The premise is that the author, who describes himself as A. Square, is living in a universe of only two dimensions. He describes various aspects of such a world, such as gravitation, how you would be able to tell a circle from a square, if you were looking at what, to us, would be the edge of two silhouettes, and so on. Quite imaginative work. Although the subtitle includes "Romance," there's no real love in the book.
Here's definition 3 of romance, from the Free Online Dictionary: a. A long medieval narrative in prose or verse that tells of the adventures and heroic exploits of chivalric heroes: an Arthurian romance. b. A long fictitious tale of heroes and extraordinary or mysterious events, usually set in a distant time or place. c. The class of literature constituted by such tales.
This book is a romance in the second sense.
Perhaps the best part of the book is an experience of a three-dimensional world, after which the protagonist tries, and fails, to convince his fellow Flatlanders that such a thing is possible. (He also tries, and fails, to persuade his three-dimensional mentor, clearly an intelligent being, that a four-dimensional world might be possible.) Although Abbott almost certainly couldn't have known it, Einstein's physics considered time to be a fourth dimension, and string theory suggests that the universe may have 10 or more dimensions.
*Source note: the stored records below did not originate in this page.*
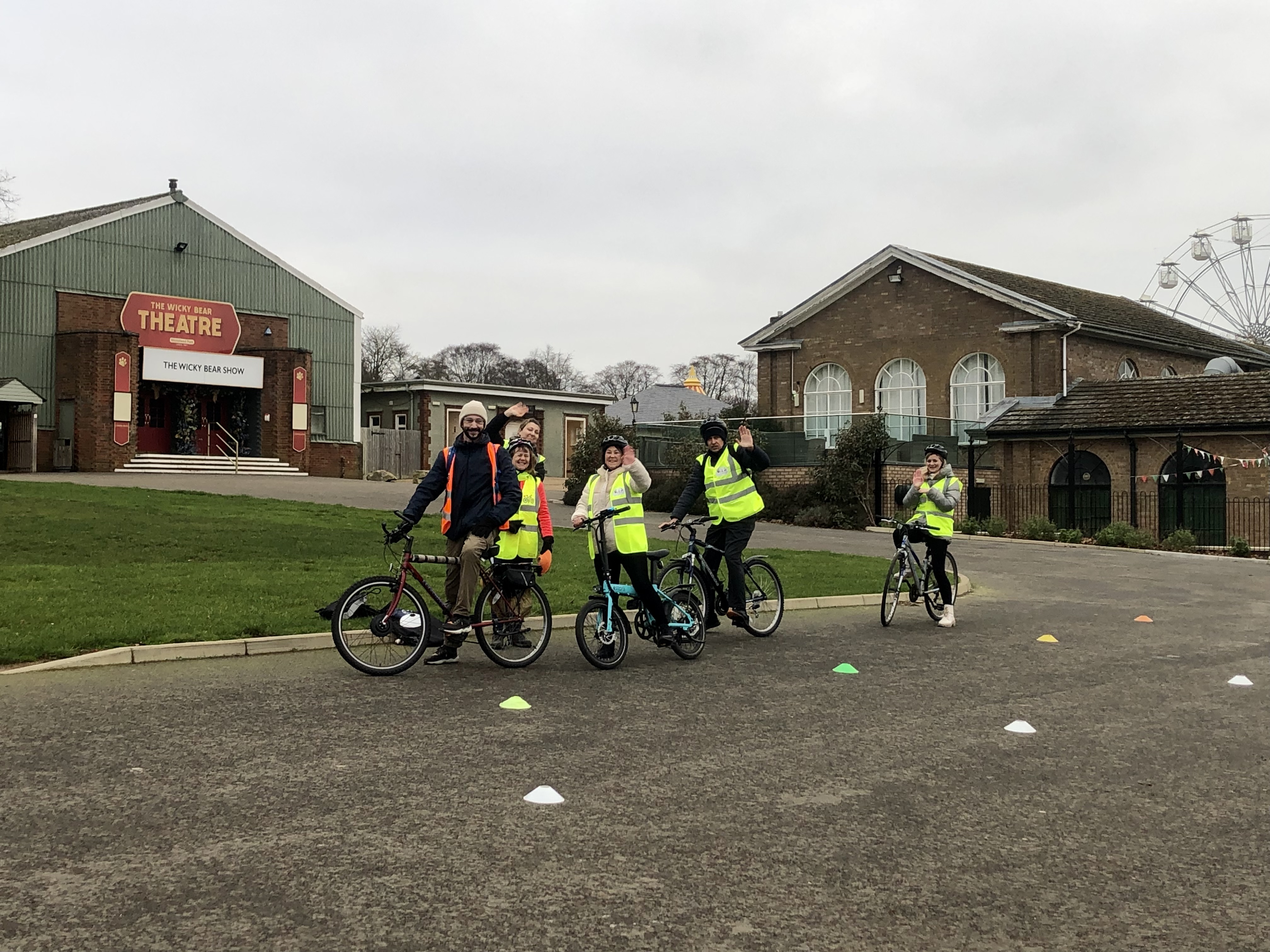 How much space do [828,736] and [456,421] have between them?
4815 centimetres

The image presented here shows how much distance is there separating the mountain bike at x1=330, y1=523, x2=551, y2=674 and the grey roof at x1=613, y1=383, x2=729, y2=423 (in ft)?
247

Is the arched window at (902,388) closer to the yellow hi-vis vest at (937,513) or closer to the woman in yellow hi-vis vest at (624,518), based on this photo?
the yellow hi-vis vest at (937,513)

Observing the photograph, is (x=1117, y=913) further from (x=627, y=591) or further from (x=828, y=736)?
(x=627, y=591)

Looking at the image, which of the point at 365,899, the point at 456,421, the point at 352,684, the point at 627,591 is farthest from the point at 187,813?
the point at 456,421

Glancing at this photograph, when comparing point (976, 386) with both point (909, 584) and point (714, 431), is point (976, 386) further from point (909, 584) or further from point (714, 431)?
point (714, 431)

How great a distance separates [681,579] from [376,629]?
276 cm

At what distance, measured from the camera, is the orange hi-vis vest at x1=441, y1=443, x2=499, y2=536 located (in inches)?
374

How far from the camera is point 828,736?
23.0 feet

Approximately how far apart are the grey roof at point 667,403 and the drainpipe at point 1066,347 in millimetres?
45901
This edition had a good introduction by Alan Lightman. Lightman compared Abbott to Lewis Carroll, who, like Abbott, wrote about mathematics. (Carroll is, of course, famous for his fantastic writing.) Lightman suggests, plausibly, that Abbott was writing some social satire, especially about the sexes in Flatland. (Women were straight lines, men geometric shapes.) Lightman also said that Abbott was a pioneer in thinking, and probably the book has been important in the development of scientific thought. A 1920 article on Einstein's physics referred to the book, he says.
For me, the importance of the second part of Flatland lies not in its literal geometrical and dimensional discussion, but in its more shrouded warning of too much complacency in the scientific enterprise -- and, by extension, all of life. (p. xii)
Scientists, around the time Abbott wrote Flatland, and for a number of years afterward, thought that science knew about everything there was to know. They were wrong. They are now, if they think such.Thanks for reading! Live in as many dimensions as you can.